Health officials won’t be able to meet a legislatively mandated Tuesday deadline to hand out five new medical-marijuana licenses, the head of the state’s Office of Medical Marijuana Use said Friday.
Christian Bax, the marijuana office’s executive director, blamed the delay on Hurricane Irma and a pending challenge to a recently passed law that ordered the Department of Health to expand the number of medical marijuana licenses.
The law, passed during a June special session, was designed to carry out a November constitutional amendment that broadly legalized medical marijuana in Florida. A key part of the law was increasing the number of operators in what could turn into a highly lucrative industry.
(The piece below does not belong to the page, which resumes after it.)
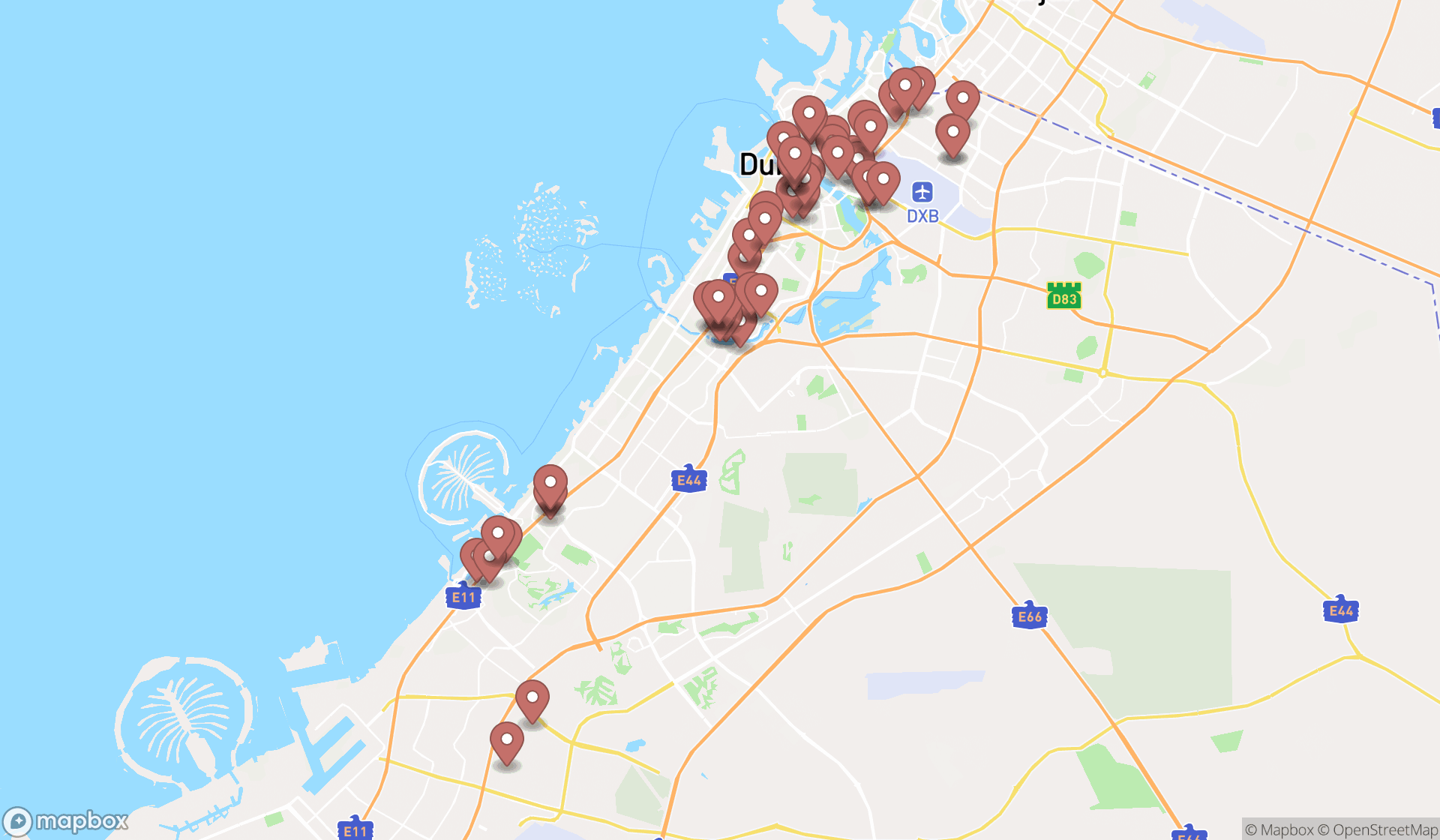 Map showing the search results in Dubai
The law called for an overall increase of 10 licenses, some of which have already been awarded, by Oct. 3. It also specified that one license go to a black farmer who had been part of settled lawsuits about discrimination by the federal government against black farmers.
A lawsuit filed this month challenges the constitutionality of that part of the law, alleging that the statute is so narrowly drawn that only a handful of black farmers could qualify for the license. The lawsuit, filed by Panama City farmer Columbus Smith, contends that the measure is what is known as an unconstitutional “special law.”
In a letter to legislative leaders signed Friday, Bax wrote that his office has “worked diligently to implement” the new law, but that the issuance of five new medical marijuana licenses by Tuesday posed an “extraordinarily challenging deadline.”
In addition, response and recovery efforts related to Hurricane Irma “necessitated the mobilization of all available department assets for nearly two weeks,” Bax wrote.
Bax also blamed his office’s inability to meet the deadline on Smith’s lawsuit.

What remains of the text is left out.